Grant Thornton CFO Advisory Market Managing Partner

“It’s important that you can pivot very quickly on your forecast, and you can make it dynamic,” emphasized Heacock. “You need to have a software tool, versus just a spreadsheet where there could be a lot of mistakes and errors.”

 

“Many FP&A departments end up forecasting through spreadsheets, and that’s where you’re at a significant disadvantage,” Schulz pointed out. “That is additional lag time, when you’re talking about doing refreshes, because you’re having to aggregate information from disconnected sources. Try to bring together a solution that’s automated, quick to refresh, connected to the other systems in your tech stack. Ultimately, that’s where you really start to get an advantage.”

 

Dynamic solutions for FP&A don’t have to be part of a large enterprise investment. “Often, people immediately think of these large enterprise solutions,” Schulz said. “I’m not necessarily talking about a robust enterprise-wide build out — there’s a whole suite of SaaS offerings out there to enable more automated solutions.
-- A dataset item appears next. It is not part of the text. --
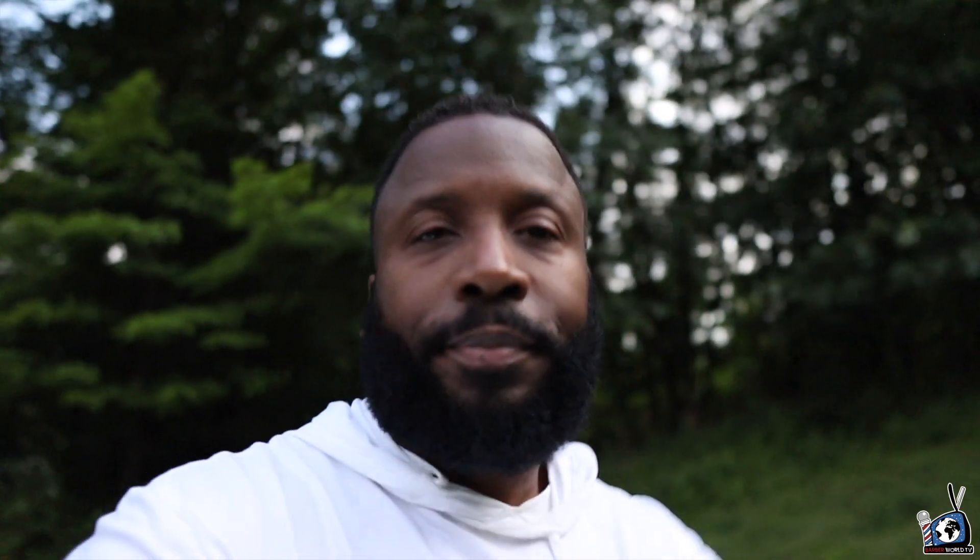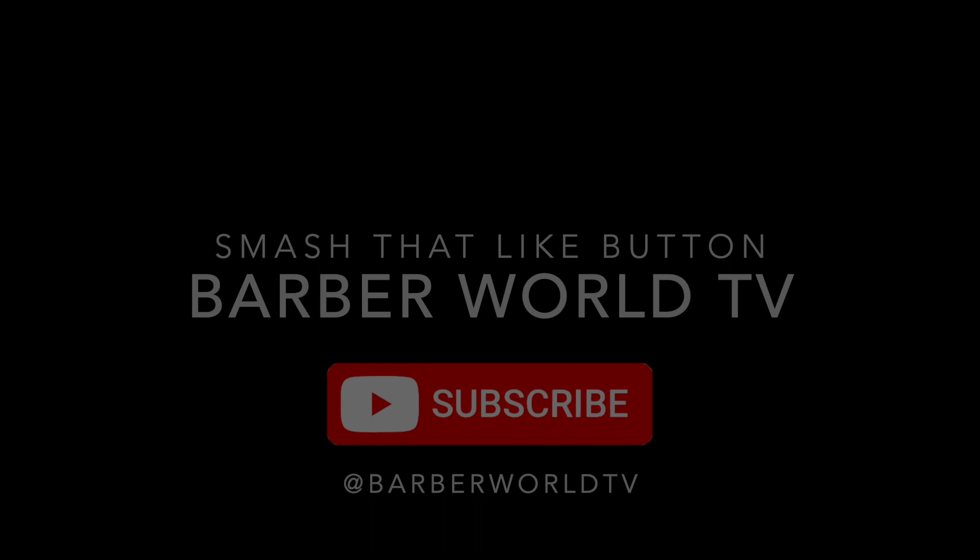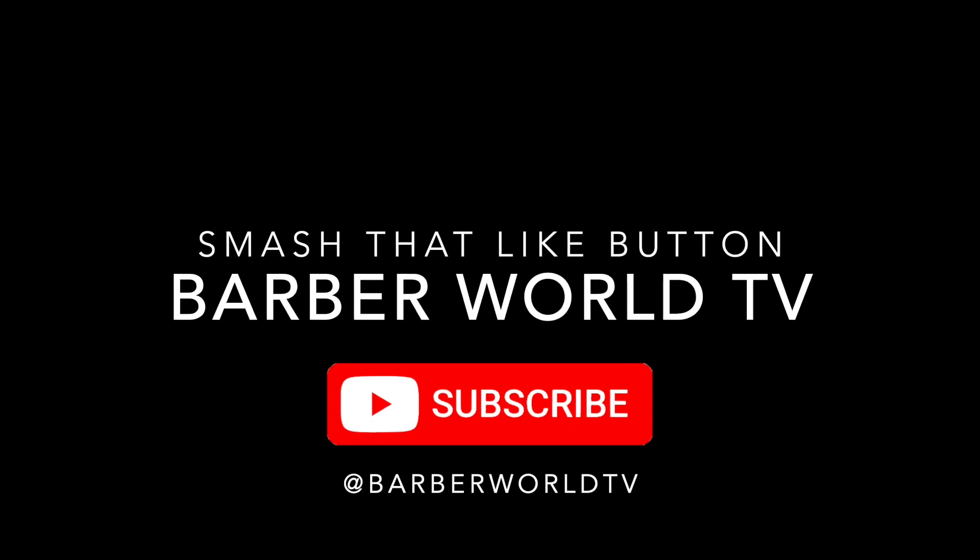Smash that like button and don't forget to subscribe. You're watching Barber World TV.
These are FP&A tools where a company doesn’t need to have a significant implementation, but it gets them moving out of that spreadsheet FP&A drudgery.”

 

“Ultimately, it’s not necessarily the biggest and most known solution — it’s the one that scales with your organization appropriately,” Schulz added. “You have to look at the implementation time, the training requirements, and how much of a lift it is to actually use it and make it be functional. For mid-market tech companies, it’s important to really assess the tool based on your scale and where you see yourself growing eventually.”

 

“It’s really important to nail down the requirements — which is not entirely an IT function, it’s also a business function,” Heacock said. “You need to understand the current and future strategy of the company, to make sure you set it up appropriately. What type of reporting and information do you need, to manage the business? What does the business structure look like? What are the segments? When selecting software, it’s important to select the best fit based on requirements  that will work “now” and in the future based on the growth strategy.”

 

The wrong solution can wind up being no solution at all. “I’ve seen it a lot of times — if you don’t set it up well, people tend to go back to the spreadsheets,” Heacock said.